I’m the mother of two kind and accomplished daughters, as well as a writer, linguist, and a traveler who has never been able to stay in one place for long. I’ve lived in Asia and Europe and have visited all fifty states, some with more enthusiasm than others, but even in the latter I can find inspiration for stories in the places and people along the road. I’ve seen a lot and want to see it all. My husband and I spend static time in the California Sierras and on Washington’s Olympic Peninsula. I've developed a honed ability to tune out almost anything and can write at home, on trips, or wherever inspiration hits. Steven King advises in On Writing that writers find a place to work that has a door to shut out all distraction. My door is in my brain.

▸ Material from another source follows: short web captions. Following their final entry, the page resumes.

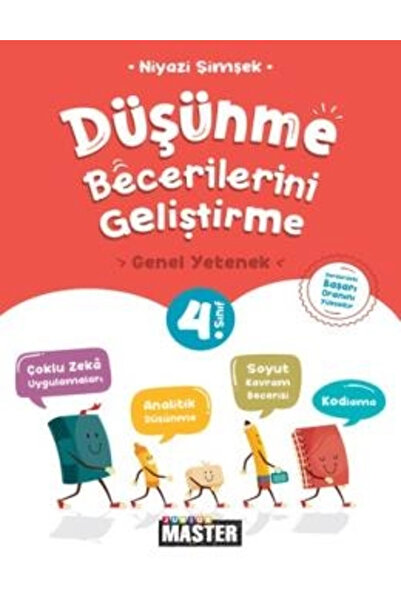 Okyanus Yayınları 4. Sınıf Junior Master Düşünme Becerilerini Geliştirme Gene...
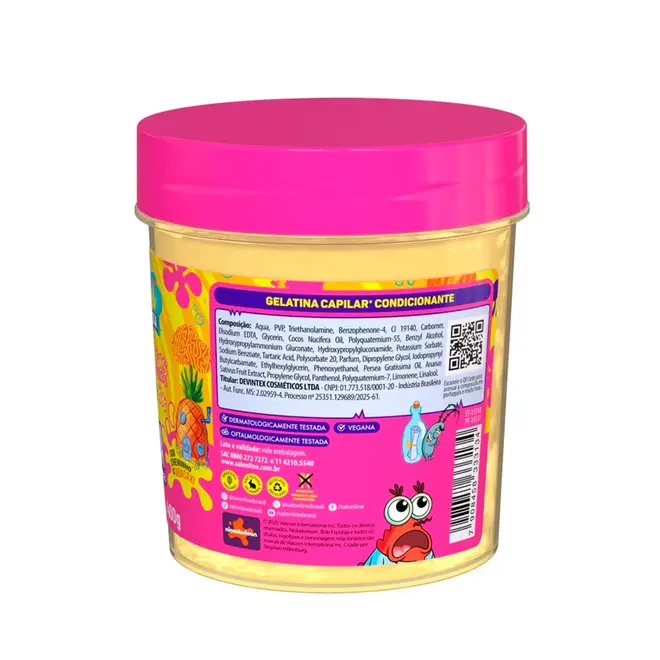 Gelatina Salon Line Bob Esponja SOS Cachos Kids 400g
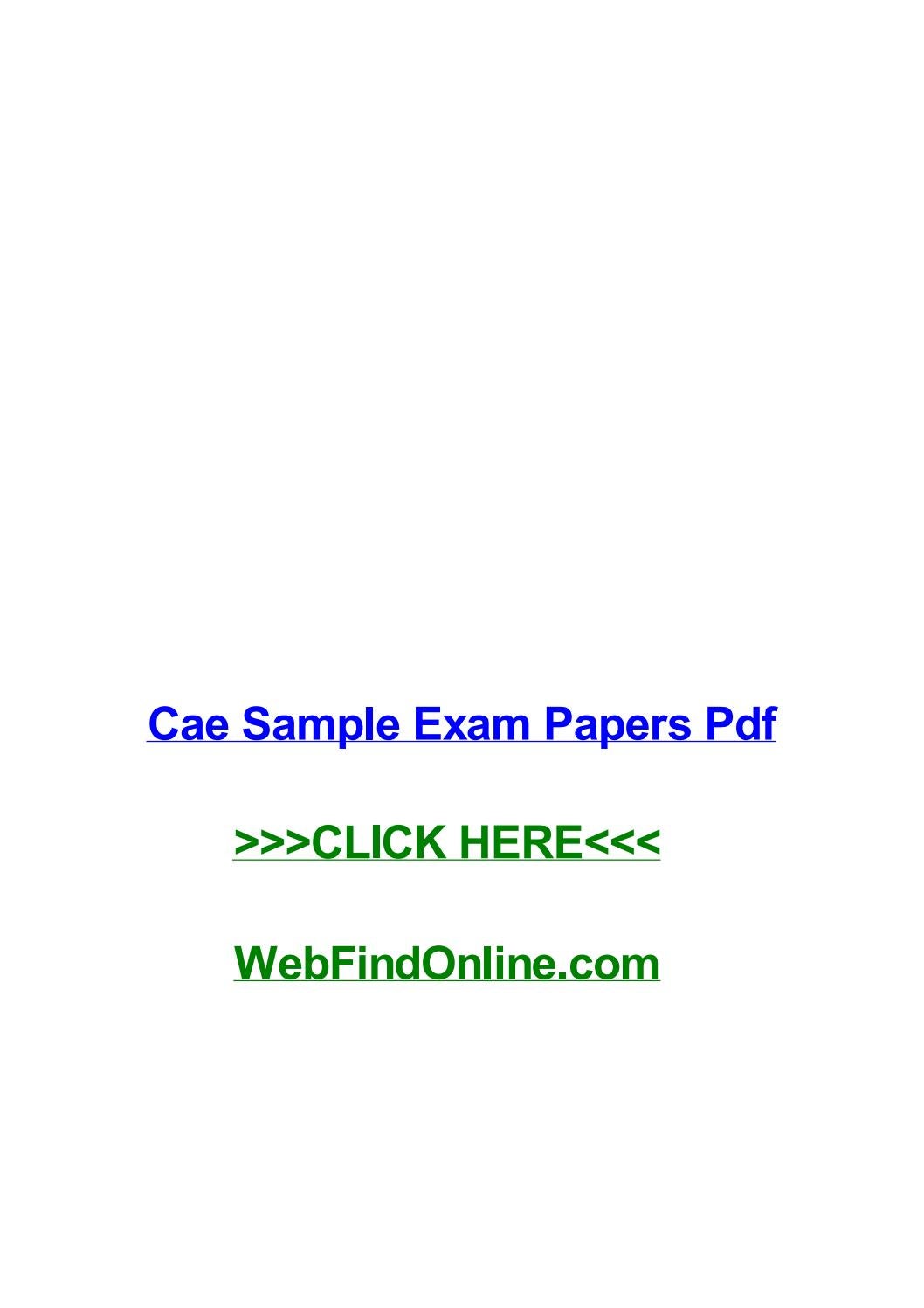 Training CAE Pdf - ISQI Latest CAE Practice Questions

 My fascination with language and its power took me into the Linguistics program at Rice University. I learned that language is a living, evolving organism that reflects the culture that uses it. Literature, one implementation of language, does the same. Dickens filled pages with descriptive details aimed at readers who had no screens, only imagination and time to digest his words. Writers now must satisfy consumers accustomed to the immediacy of media and impatient for the punchline. The writer, as a part of a culture, documents that culture just as Dickens did his, and our culture has little appreciation for a writer's self-indulgent prattle. Faulkner had it right: kill your darlings. I’ve populated cemeteries with mine, pieces of lyrical excellence one and all.

In answer to an oft-asked question, Feicht is Germanic, but has been Americanized to sound like "fight."